O food truck deve seguir as exigências da Agência Nacional de Vigilância Sanitária (Anvisa) municipal e estadual, Prefeitura, Departamento Estadual de Trânsito (Detran) e Instituto Nacional de Metrologia, Qualidade e Tecnologia (Inmetro). Além de garantir que os alimentos embalados para comercialização contenham rótulos com o nome e endereço do fabricante, importador ou distribuidor; a data de fabricação e prazo de validade do produto; e o registro no órgão competente.
Conforme a regulamentação, os proprietários dos food trucks não poderão estacionar em calçadas, vias de pedestres e áreas gramadas de parques e praças. Também foi vetado o uso de mesas, cadeiras, tapumes ou vasos e equipamentos de som. Além de estar proibida a venda de bebidas alcoólicas e tabaco.
A comercialização deverá obedecer alguns limites: o ponto de venda deve ficar a uma distância mínima de 5 metros de cruzamentos, faixas de pedestres, pontos de ônibus e de táxis, hidrantes e válvulas de incêndio, orelhões e cabines telefônicas ou tampas de bueiros. Também deverá obedecer a distância mínima de 20 metros de estações de metrô, de trem, escolas, rodoviárias, aeroportos, ginásios esportivos, estádios de futebol, monumentos e bens tombados. Onde já existe comércio de alimentos, como padarias, restaurantes e lanchonetes, a distância mínima para instalar o ponto de venda é de 25 metros.

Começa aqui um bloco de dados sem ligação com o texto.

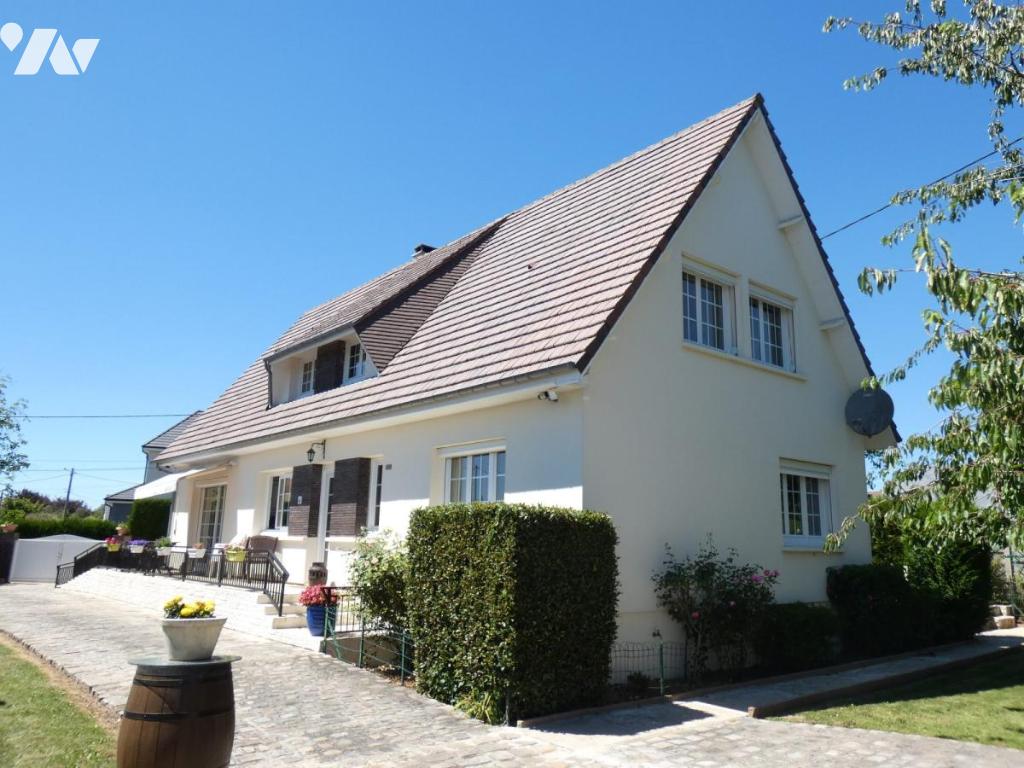 Maison 7 pièces 162 m² · à Saint-Ouen-de-Thouberville · 162 m² · 325 000 €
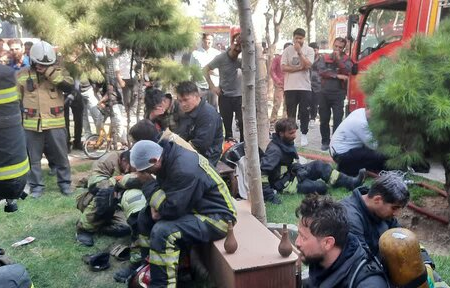 جانفشانی آتش‌نشان مشهدی در حادثه اطفای حریق کارگاه مبل‌سازی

O que era para ser um novo conceito de comida rápida e gourmet acabou tornando-se uma verdadeira oportunidade de autoemprego estável para muitos desempregados e empresários no Brasil. Para Fabrício, o grande problema dos food trucks é que “a popularização da ideia fez com que ela chegasse a pessoas que não são da área. Pessoas que pensam que para montar o negócio basta ter dinheiro”. Antes de comprar um carro e sair pela cidade vendendo comida é necessário observar que, muito além do investimento para esse negócio, a comercialização depende das políticas públicas para o funcionamento regular, tais como a utilização de água, iluminação e espaço público. Outro ponto a ser considerado é se esse modelo de negócio será apenas uma moda passageira ou não.
Especialistas na área acreditam que o apocalipse dos food trucks está próximo, assim como o chef André Mifano, do restaurante Vito, em São Paulo. “É triste que a coisa tenha evoluído para isso. Comida de rua era para ser ágil, de qualidade, acessível. Mas tem muito aventureiro que botou um monte de dinheiro num food truck sem saber cozinhar e agora tem que pagar o que investiu”, observa. Com o fim ou não dessa onda, as políticas públicas precisam garantir a qualidade da comida de rua e o mercado determinará os padrões financeiros a serem atendidos.